As she pauses to hand out contact details on her personal business cards, I am struck by how Zizi’s dramatic performance, each section carefully modulated for maximum effect on her audience, could almost be modelled on the heightened emotive registers favoured by the actors in the Ramadan soaps themselves. Yet it is striking that her subject matter – concerning the brute daily life realities of the struggling middle classes – is far removed from the actual content of any and all such productions, which are invariably period dramas from ‘another age’ (with no contemporary resonances), or whodunit/psychological crime thrillers without any social contextualisation.

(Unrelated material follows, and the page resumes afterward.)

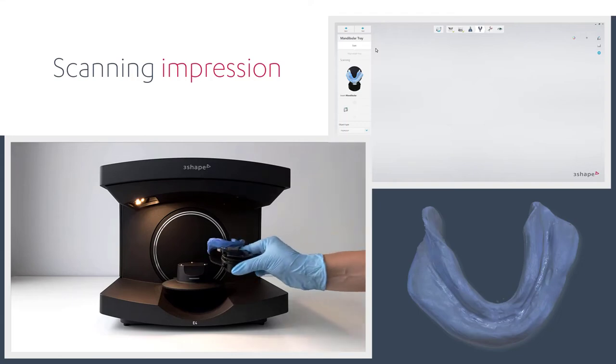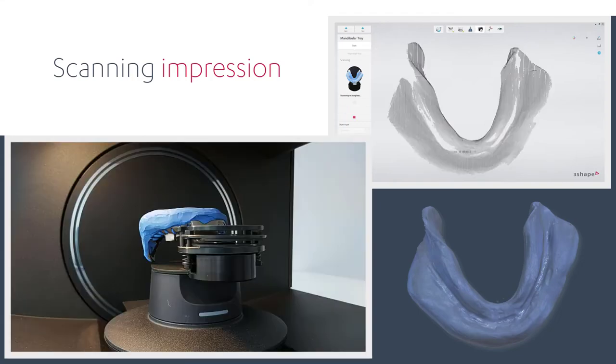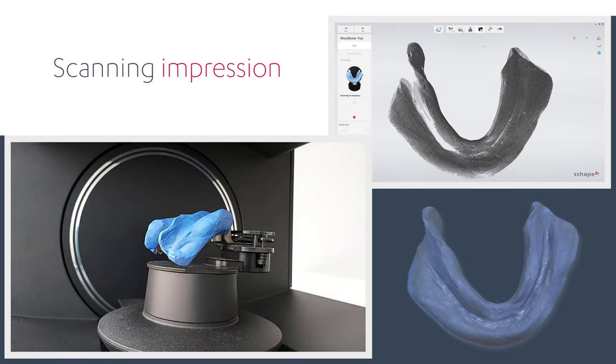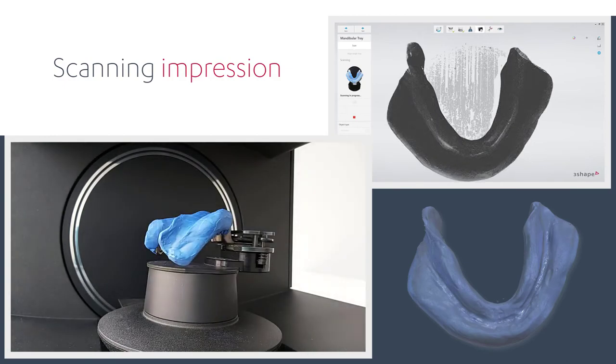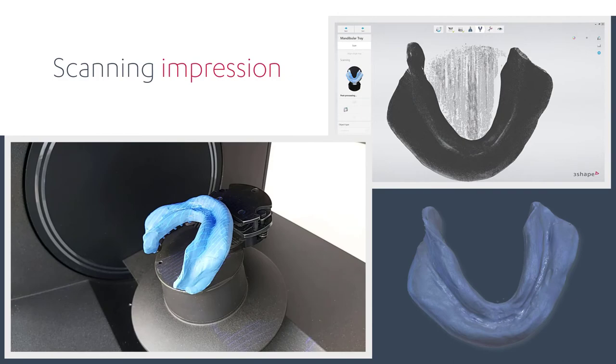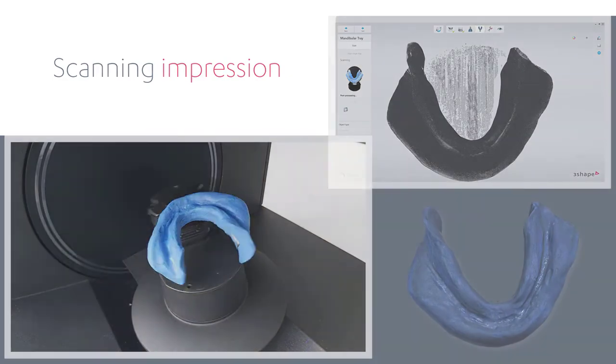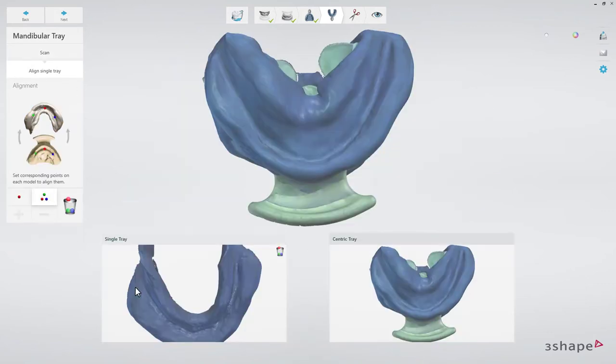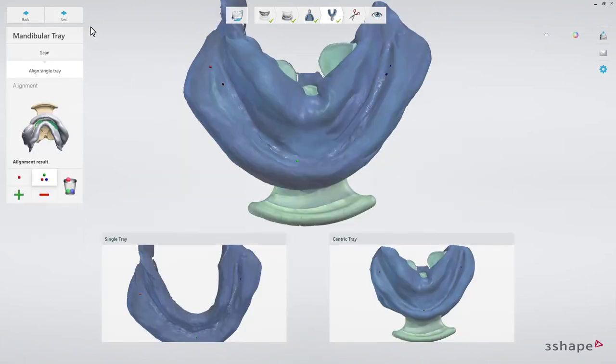Repeat the same steps for the mandibular tray. When it's finished, align the single tray to the Centric Tray. Click Next when finished.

So if, on the face of things, the State is an absent partner in these bir il-silim productions, it is nevertheless evidently restricting permitted storylines to settings which are careful not to ask any of the big questions of the day, and from which any reference to the contentious real-life issues and problems discussed in endless TV talkshows can be forcibly excluded. And by converting their homes into the settings for these escapist productions, their middle classes residents are silent partners in keeping their worst anxieties temporarily at bay.
The State is an absent partner in these bir il-silim productions, it is nevertheless evidently restricting permitted storylines to settings which are careful not to ask any of the big questions of the day
Since 2016, when I did the fieldwork on which the above “ethnographic snapshot” is based, there have been further developments in the world of bir il-silim film making, which both stem from, and reflect, wider socio-economic currents. The most prestigious and successful of the following year’s crop of Ramadan soaps were notable for storylines even further removed from the day-to-day realities of life in contemporary Egypt, revolving instead around escapist gothic horror stories and crime thrillers – with even those series which still fell into the ‘social drama’ category locating their action in the type of super-affluent milieux more typical of western TV series such as Dynasty or Dallas.
One immediate effect of this increasingly ‘westernised’ dimension has been a shift of focus towards what the bir il-silim film makers call “VIP locations” i.e. luxury villas located in walled and gated communities around the city to which the super-rich have retreated for enhanced security. Hamasa tells me that he is still able to make a living from renting the ‘respectable bourgeois’ apartments of Heliopolis out for the filming of assorted commercials and less prestigious TV programmes. But the income generated from such rentals is now dwarfed by that commanded by the new competitors in their gated villas, who can now charge between LE 20,000 -30,000 a day. And as the most affluent extract ever higher financial returns and further increase their assets, those below them in the pecking order find themselves caught up in an increasingly ferocious competition over ever smaller slices of the economic cake - developments which seem somehow characteristic of Egypt’s current socio-economic predicament.